The recent creation of a subsistence seat on the Kenai-Soldotna Alaska Department of Fish and Game Advisory Committee was followed by an outpouring of public support for a proposal to reopen beaches to personal-use setnet fishing. But early efforts have been hampered by unresponsive officials, said Tim O’Brien, who was voted to fill the advisory committee’s subsistence seat in February.
Frustrated with the lack of public official attention needed to advance a proposal to reopen beaches, O’Brien said he plans to resign from his subsistence seat on the advisory committee.
“As of right now this is a fishery that will go nowhere,” he said.
But not because the proposal to reopen beaches to personal-use setnet fishing has not galvanized support, he said.
The Board of Fisheries ended personal-use setnet fisheries in most of Upper Cook Inlet and restricted them to the mouths of the Kenai and Kasilof rivers in 1996.
O’Brien said he has collected the signatures of more than 400 people who would support a proposal to reopen beaches now closed to personal-use fishing with set gillnets, as was allowed in the early 1990s.
The restrictions on setnet fishing violate Alaskans’ constitutional rights and unfairly favor the commercial and guide fishing industries over Alaskan fishermen trying to gather food to feed their families, he said.
“The fishery was taken away from us because we don’t make any revenue for the state,” he said.
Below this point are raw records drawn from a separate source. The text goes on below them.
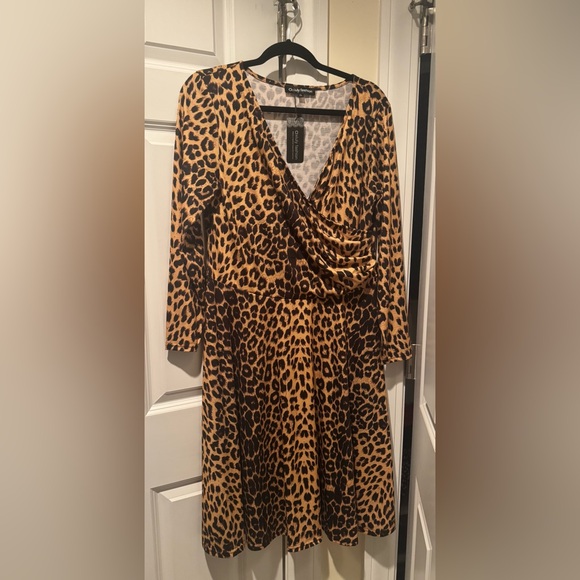 1950s Inspired Leopard Print Dress - Picture 4 of 8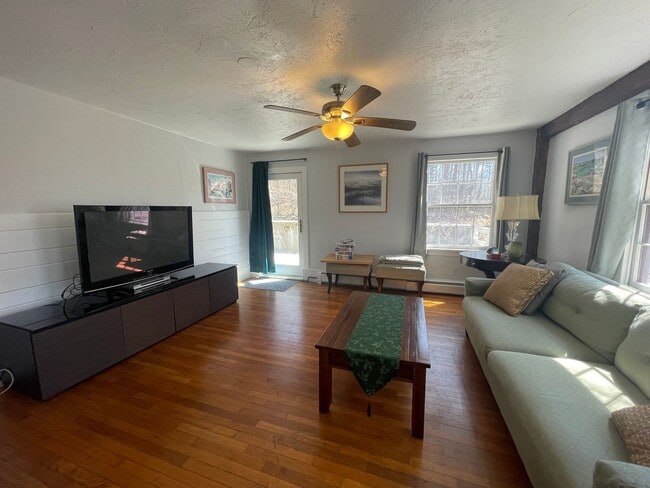 Building Photo - 182 Division St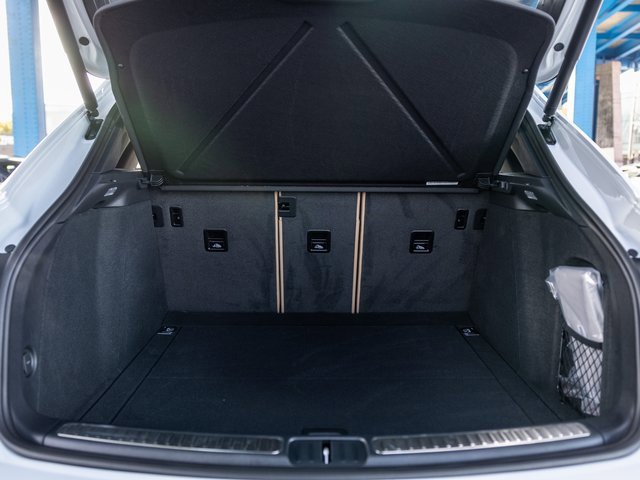 New 2026 Porsche Macan S image 31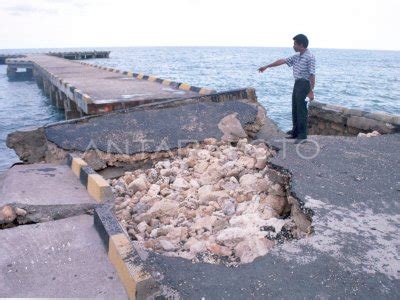 Dermaga Penyeberangan Ferry Di Pelabuhan Ferry Bastiong Ambruk ANTARA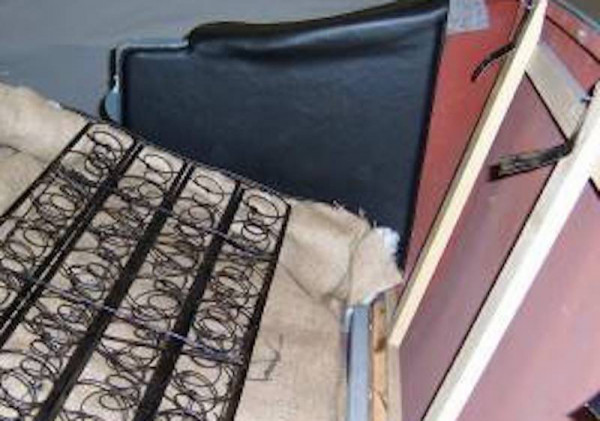rear spring backrest and uphol closeu .jpg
Subsistence fishermen want to open the same stretches of beach that were open to personal-use setnet fishing in the early 1990s from Anchor Point to approximately Drift River on the opposite side of Anchorage, with the exception of areas near the mouths of rivers, he said.
Although a few bad apples may have abused the fishery, authorities overreacted when they closed the beaches, said Bill Perrigo, a proponent of reopening beaches.
“You don’t shut down the road because two or three people are speeding,” he said.
Proponents complain that restricting the personal-use fishery to the mouths of the Kenai River and Kasilof River has created a hazard by forcing fishermen to stand elbow to elbow while catching fish.
“Do you have to drown to get them?” said Bill Arnold, a proponent of reopening beaches. “It’s a dangerous situation out there ... . It’s called chaos at the beach.”
The restrictions also have taken the joy out of fishing, they say.
“We’re all corridored into one little area there,” said Bill Warren, a proponent of reopening beaches. “They’ve got us all herded like sheep so they can watch us, I guess ... . They have absolutely no trust in us as citizens.”
The crammed fishery has made it particularly difficult for older fishermen and children to access the fishery, a situation that can only be relieved by allowing people to spread out, proponents say.
“It really creates a mess of our fishery,” Warren said. “It’s combat fishing is what it is with the river the way it is. It’s not a good experience.”